A Cap-Fired Breech Loading Musket Whose Bayonet is a Sword

   07.06.20

A Cap-Fired Breech Loading Musket Whose Bayonet is a Sword

In the 1850s, the French military (stop laughing) experimented with a number of breech-loading guns, in hopes of improving their rate of fire over muzzleloading arms — especially for their cavalry, because loading a front-stuffer while on horseback isn’t exactly easy. Oddly enough, this attempt to make life easier for mounted troops also included a humongous bayonet!

A fellow named Arcelin came up with the Arcelin Mousqueton, which is more or less a bolt-action single-shot musket — which still requires a musket cap for ignition, as would a muzzleloader. You essentially open the bolt, insert a cartridge (paper containing powder & bullet), close the bolt, cock the hammer, cap the nipple, and you are ready to shoot.

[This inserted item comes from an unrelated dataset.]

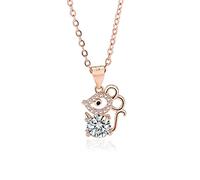 ZGHQHCDRH Collana da donna in argento, Collana zodiacale sterling for donna S925 argento topo zircone delicato girocollo alla moda collana delicata catena regalo gioielli for le sue ragazze coppie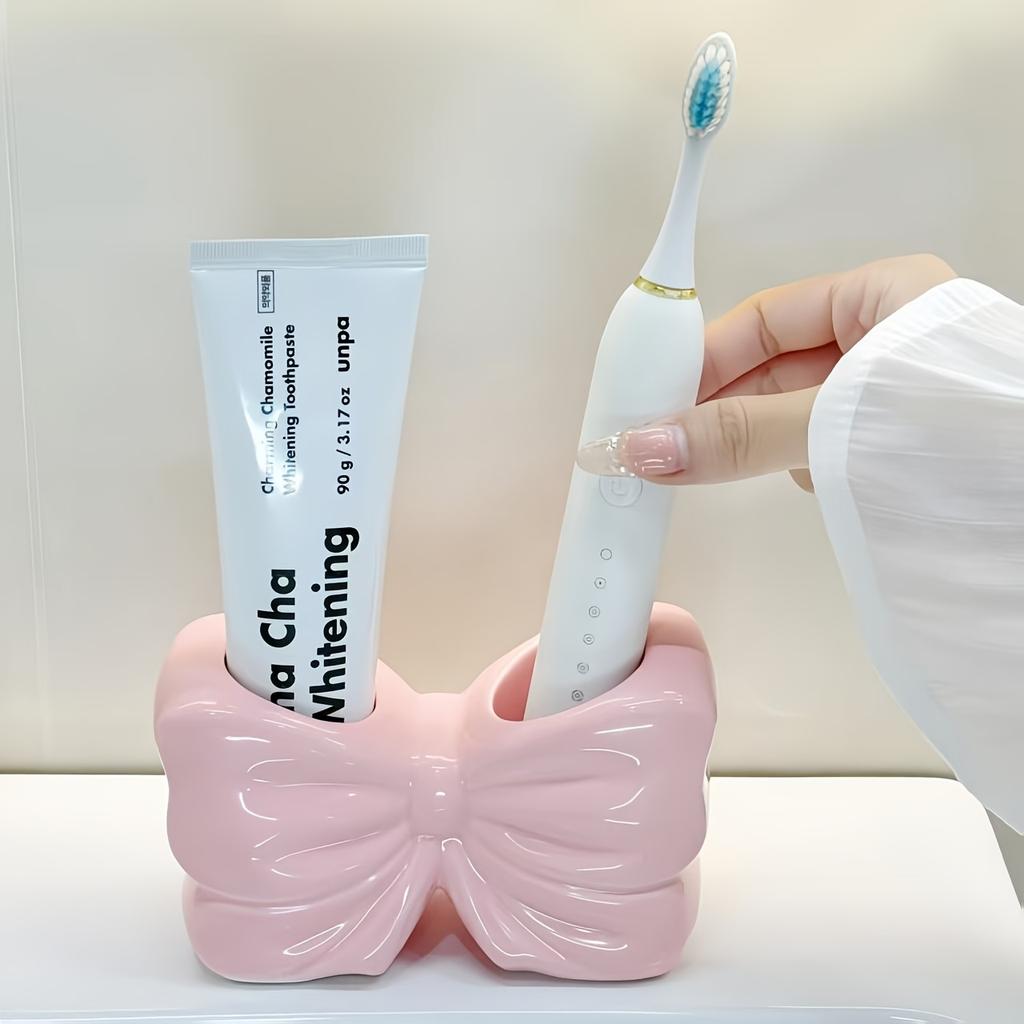 Visually Appealing Ceramic Toothbrush Holder with Bow Design Moisture-Resistant Bathroom Organizer, Freestanding Modern Vanity Decor for Countertop,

In describing the process, Ian misspeaks when he says the plunger on the front of the bolt creates an air space between bolt and cartridge. It does nothing of the kind; it simply shoves the cartridge up into the chamber. An air space with black powder could be quite dangerous.

Unfortunately, this design lacks a proper gas seal at the rear, which is one reason turnbolt muzzleloaders never quite caught on back then; the metallic cartridge’s brass case does most of the job of gas sealing in a cartridge gun, and that case is of course absent from this design. For that reason, fouling — black powder fouling, which is particularly heavy and nasty — would eventually clog up the works, making the bolt difficult to turn. This led to broken bolt handles, which is never good.

This gun is quite interesting, but sadly the camera work is less than stellar this time… though it does improve once we start looking closely at the gun’s workings.

When we get to the bayonet, you start to realize just how nuts those guys must have been. It’s just about as long as the gun! And mounting it on the rifle makes the entire setup amazingly long.

It was mostly used for ceremonial stuff anyhow, since the only real use these muskets received was with the emperor’s personal guard.

And I used to think those old Japanese Arisaka bayonets were long!

Enjoy the video.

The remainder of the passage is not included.